The written history of Afghanistan can be traced back to around 500 BC when the area was under the Achaemenid Empire,[1][2] although evidence indicates that an advanced degree of urbanized culture has existed in the land since between 3000 and 2000 BC.[3][4][5] Alexander the Great and his Macedonian army arrived in what is now Afghanistan in 330 BC after conquering Persia during the Battle of Gaugamela.[6] Many powerful kingdoms have established their capitals inside the modern state of Afghanistan, including the Greco-Bactrians, Mauryas, Kushans, Kabul Shahi, Saffarids, Samanids, Ghaznavids, Ghurids, Timurids, Mughals, Hotakis, Durranis and others.[7]
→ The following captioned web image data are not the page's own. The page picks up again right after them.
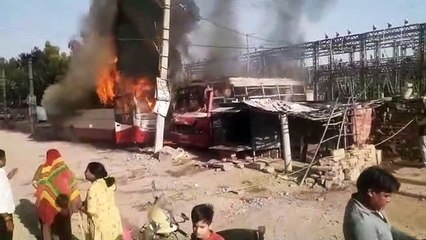 दो बसें जलाईं, चार दिन में चौथी बस फूंकी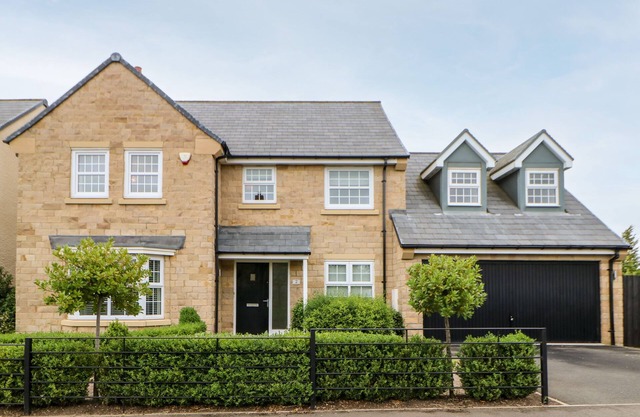 ASHTREE, pet friendly, character holiday cottage in Barnard Castle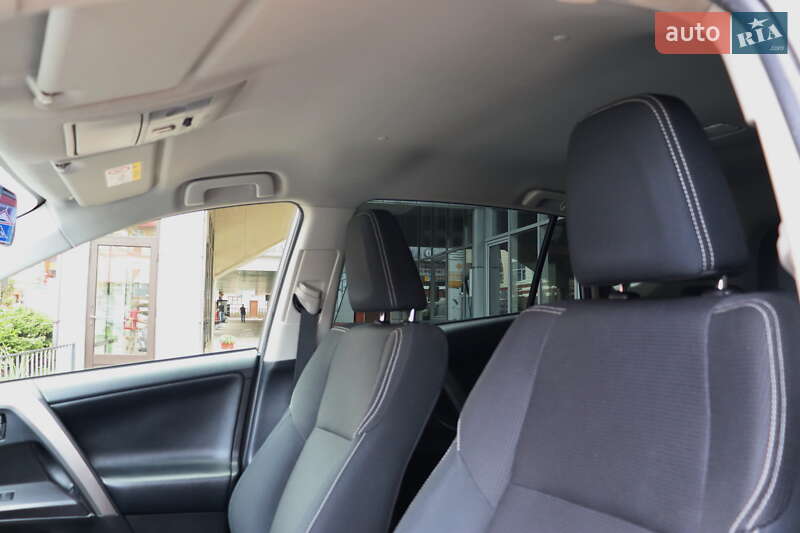 Позашляховик / Кросовер Toyota RAV4 2018 в Львові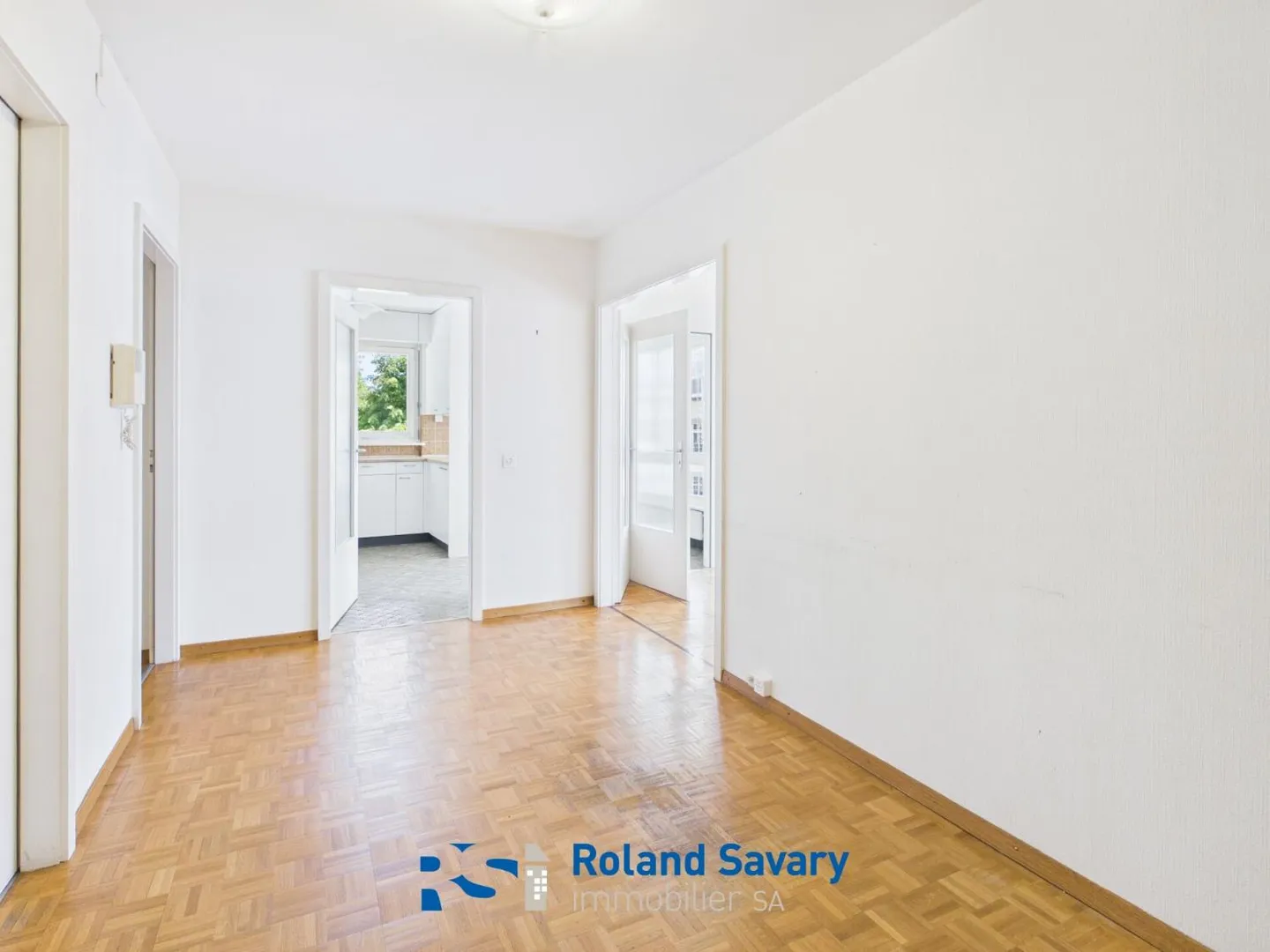 2.5 Room Apartment - Photo 5 of 9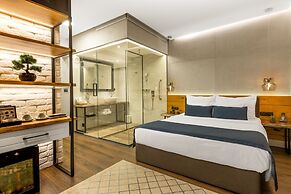 One Luxury Suites
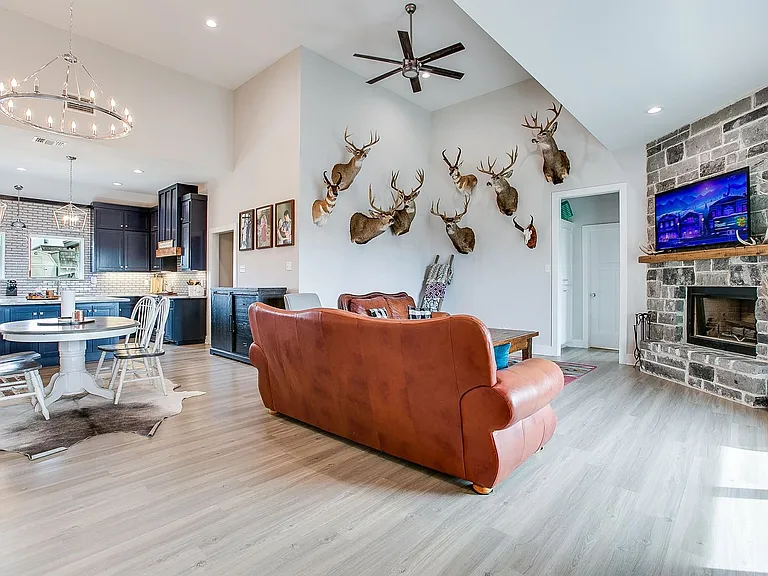 2610 Oak Hills Trl — Photo 4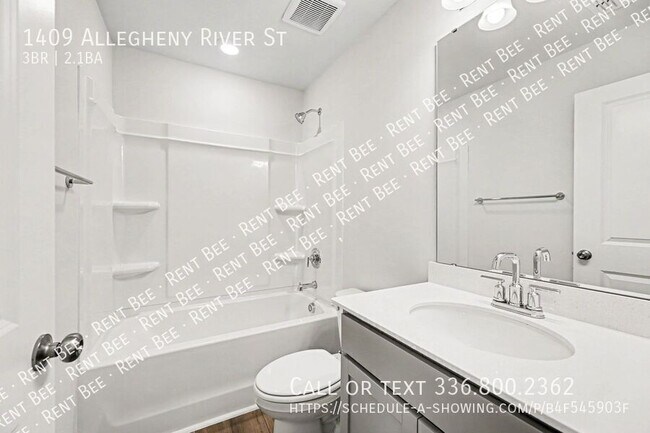 Building Photo - 1409 Allegheny River St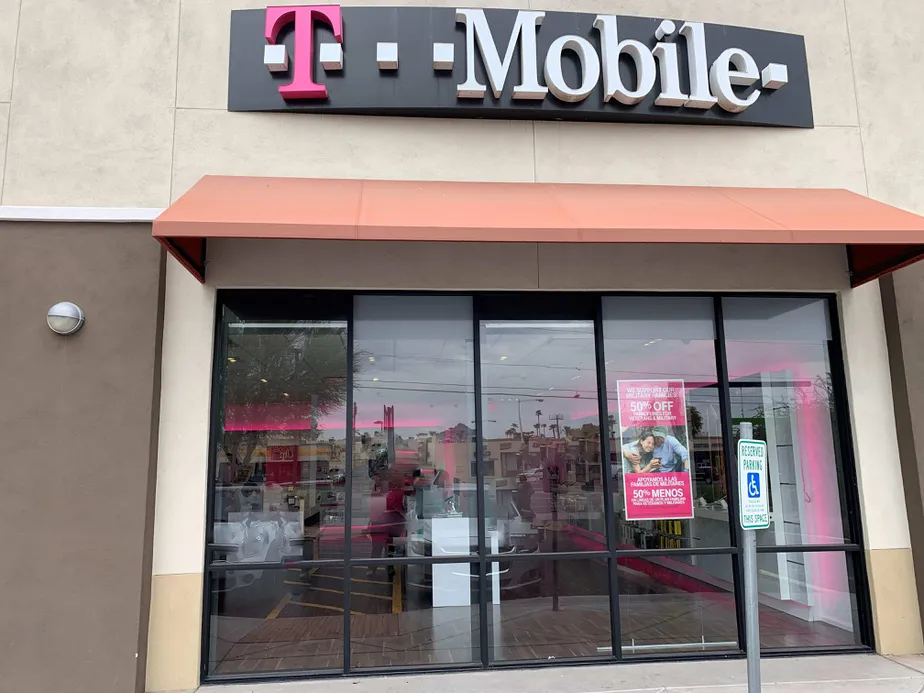 Exterior photo of T-Mobile store at 32nd St & Thomas Rd, Phoenix, AZ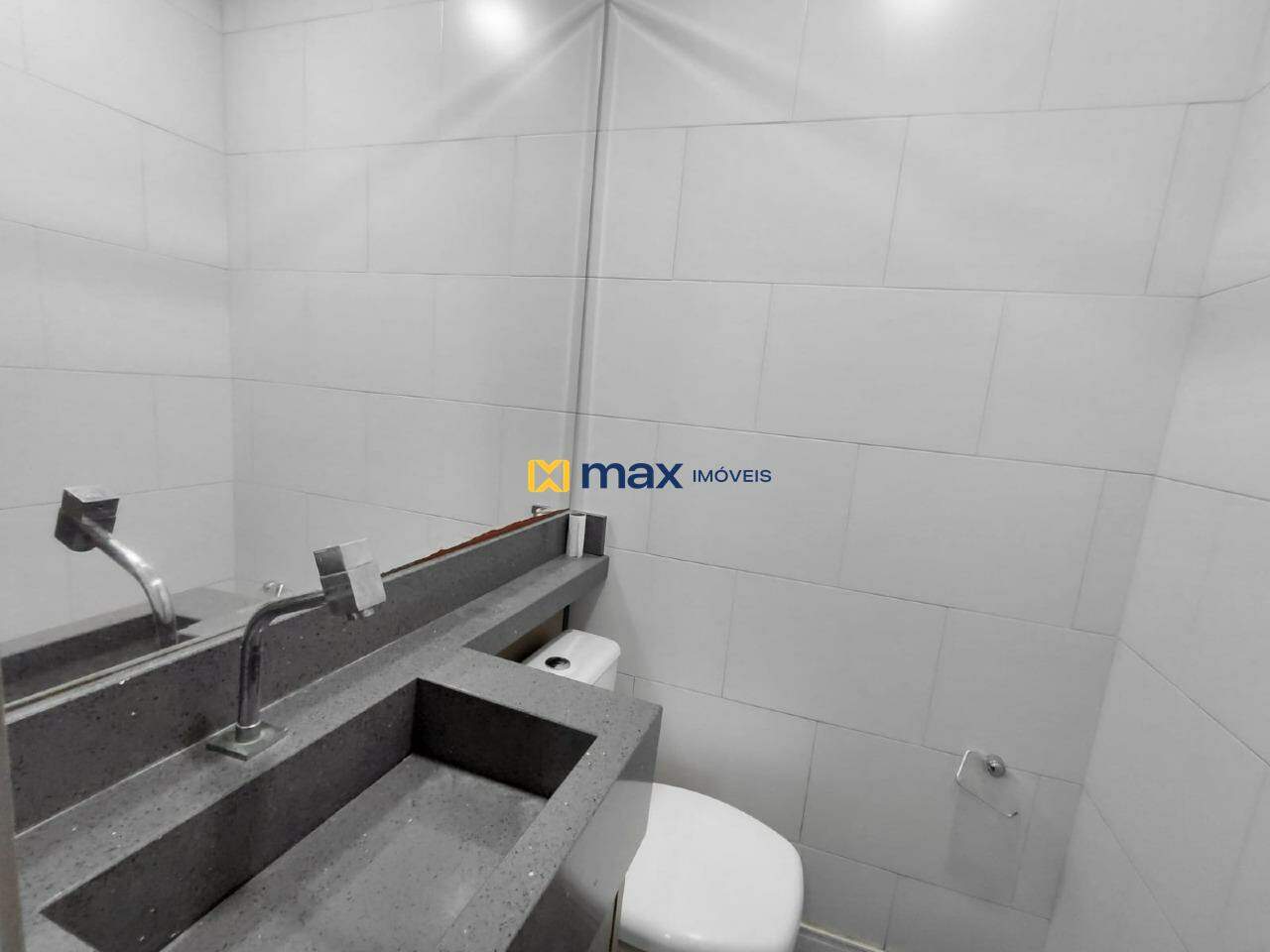 Sala para aluguel no Centro:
Afghanistan (meaning “land of the Afghans”) has been a strategic important location throughout the history.[8] The land served as “a gateway to India, impinging on the ancient Silk Road, which carried trade from the Mediterranean to China”.[9] Sitting on many trade and migration routes, Afghanistan may be called the ‘Central Asian roundabout’[10] since routes converge from the Middle East, from the Indus Valley through the passes over the Hindu Kush, from the Far East via the Tarim Basin, and from the adjacent Eurasian Steppe.

Afghan people called the Aryans from Central Asia[5] arrived in Afghanistan after the 20th century BC,[3] who left their languages that survived in the form of Pashto and Dari.[2][11] The Arab invasions influenced the culture of Afghanistan, as its Zoroastrian, Macedonian and Buddhist past has long vanished. Local empire-builders such as the Ghaznavids, Ghurids and Timurids made Afghanistan a major medieval power as well as a learning center that produced the likes of Avicenna, Al-Biruni, and Rumi, among many other academic or iconic figures.[12]

Mirwais Hotak followed by Ahmad Shah Durrani unified Afghan tribes and founded the last Afghan Empire in the early 18th century.[13][14][15][16][17] Afghanistan’s sovereignty has been held during the Anglo-Afghan Wars, the 1980s Soviet war, and the 2001-present war by the country’s many and diverse people: the Pashtuns, Tajiks, Hazaras, Uzbeks, Turkmen, Aimak, Baloch, and others. The Pashtuns form the largest group, claiming to be descendants of ancient Israelites or Qais Abdur Rashid but scholars believe that they are a confederation of various peoples from the past who united under Pashtunwali.